Checkdisk did not do the trick either. Tonight i'll do a boot time scan with avast pro. Could you enlighten me, what's the difference between a normal format and a format using a recovery partition or disk?


----------



## TheCyberMan (Jun 25, 2011)

Nothing it formats the drive just like when you use format.exe it is the same thing.


----------



## mitsrulez (Mar 11, 2012)

Someone just told me that the code 10 error could also be due to an IRQ problem. Is that possible? In that case,what can I do about it?


----------



## TheCyberMan (Jun 25, 2011)

If two devices have the same IRQ then yes that would be a problem.

You can check this by right clicking on *Device Manager* and choosing run as administrator then click on view and select *resources by type*.

click on* InterruptRrequest* and scroll down to the name of your wifi card and right and choose *properties>resources tab* it should read No conflicts meaning no problem with the IRQ.


----------



## mitsrulez (Mar 11, 2012)

The wifi adapter is not even in the list with the irqs. there are a couple of devices that use the same irq eg. amd sata controller and high definition audio controller.

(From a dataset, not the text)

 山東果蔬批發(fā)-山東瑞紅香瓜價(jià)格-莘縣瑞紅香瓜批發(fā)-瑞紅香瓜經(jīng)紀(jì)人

Some others have negative values for example the GPU. Is any of this bad?


Although it does say no coflict so i guess that's not it.


----------



## TheCyberMan (Jun 25, 2011)

If you go to satart>programs>accessories>system tools>system information>Hardware resources>IRQ'S it gives you a list of all irq's assigned as well if ok is in the status column should be ok.

With you saying no conflicts as well does not sound you have anything worry about those other devices.

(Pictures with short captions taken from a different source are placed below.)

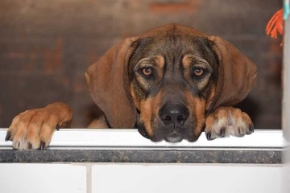 Picture for category Gastrointestinal &amp; Probiotic Supplements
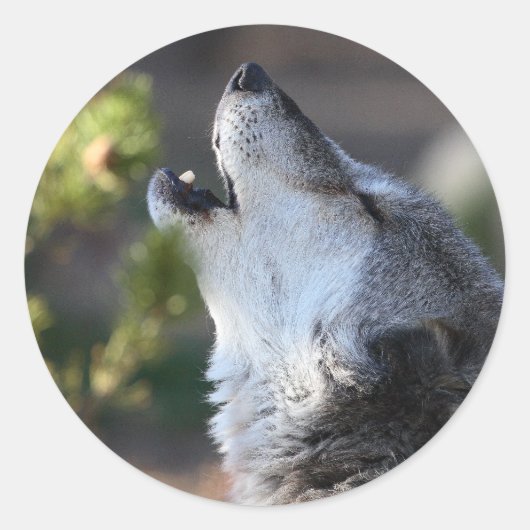 wolf ronde sticker (Voorkant)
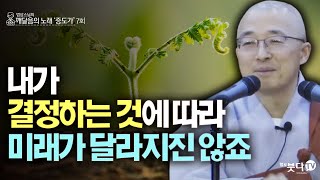 내가 결정하는 것에 따라 미래가 달라지진 않죠 | 법상스님의 증도가 7회(4-1) | 분별 세상 깨달음 집착 고통 종교 지혜 행복 의사소통 부처 도움 현실 존재 인연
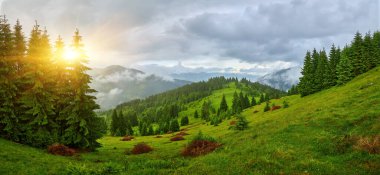 Alplerde yeşil çayırlar, çiçek açan çiçekler ve arka planda karla kaplı dağ tepeleri olan Idyllic manzarası.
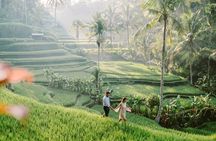 Best of Ubud Tour - Private and All-Inclusive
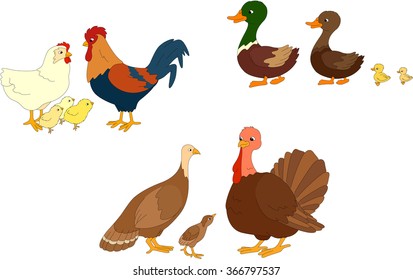 Set of duck, duckling, drake, cock, hen, chicks, turkey mother, father and poult. Vector illustration for kids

As for the wifi card if it is on and is not in the list then it may well be a problem with the card itself.

Please post an *ipconfig /all *for us to have a look at.

If it shows disconnected or 0.0.0.0 for ip address, default gateway or dns then i would say it is time to backup your current system and data in one backup, then do a seperate data backup and backup your fathers documents seperately onto two different media as i outlined in earlier post.

Then recover to factory default settings using the recovery partition.

If the card is still not working and showing code 10 then time to contact HP and invoke warranty it covers hardware failure.


----------